Serbest fiyat uygulaması, serbest vurgun ve serbest istismar uygulaması durumuna dönüştü. Bu istismarların sonucunda tüketiciler mağdur edilmekte ve gıda başta olmak üzere diğer temel ihtiyaçlarına erişmekte çok zorlanmaktadırlar.
Özellikle, içinde bulunduğumuz koronavirüsü salgını nedeniyle fiyat istismarları daha da artmış durumdadır. Koronavirüsü salgınının Ramazan Ayı ile çakışması bu istismarların artacağını gösteriyor.

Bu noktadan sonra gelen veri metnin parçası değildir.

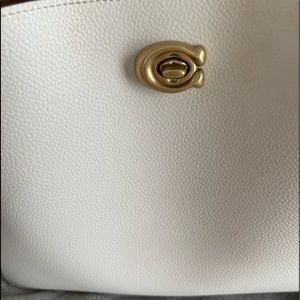 Like new Coach bag in color block. White with beige strap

Fiyat istismarlarının önüne geçebilmenin kalıcı ve etkili yolu fiyatlara yasal düzenleme getirmektir. Özellikle, tarımsal ürünler ve gıda başta olmak üzere, temizlik ürünleri, kişisel bakım ürünleri ve diğer tüm tüketim mallarının fiyatlarında yasal düzenleme yapılması soruna kalıcı bir çözüm getirecektir. Aynı şekilde bu düzenleme hizmetler alanında tüketicilere sunulan hizmetlere de getirilmelidir.
Eğer, fiyatlara yasal bir düzenleme getirilirse tüketiciler önemli ölçüde fiyat istismarlarına karşı korunmuş olacaklardır.

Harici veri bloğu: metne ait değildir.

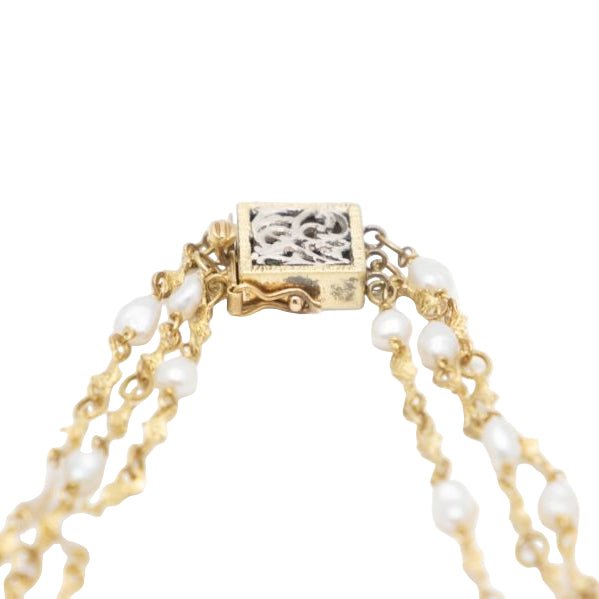 Collier Sautoir en or jaune, or blanc et perles - Castafiore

Yapılacak olan yasal düzenleme ile imalatçı, toptancı ve perakendecilerin satış fiyatlarına bir kıstas, bir sınırlama yani bir kar oranı getirilmelidir. Kısaca, istismar edilen serbest fiyat uygulamasına son verilmelidir.

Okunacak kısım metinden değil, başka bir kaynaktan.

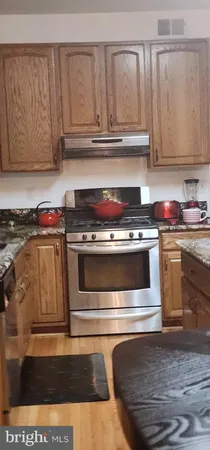a stove top oven sitting inside of a kitchen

17 Nisan 2020 tarihli Resmi Gazetede yayınlanan Yeni Koronavirüs (COVID-19) Salgınının Ekonomik ve Sosyal Hayata Etkilerinin Azaltılması Hakkında Kanun ile Bazı Kanunlarda Değişiklik Yapılmasına Dair Kanun ile oluşturulacak “Fahiş Fiyat Artışı, Stokçuluk ve Haksız Değerlendirme Kurulu” yasal bir fiyat kıstası olmadığı için soruna kalıcı ve etkili bir çözüm getiremez.
Fiyat istismarlarına karşı bir yasal düzenleme yapılmadan önce ve yapıldıktan sonra fiyat denetimleri düzenli ve sürekli olarak gerçekleştirilmelidir. Bununla birlikte, fiyat istismarcılarına verilen cezalar caydırıcı olmalıdır.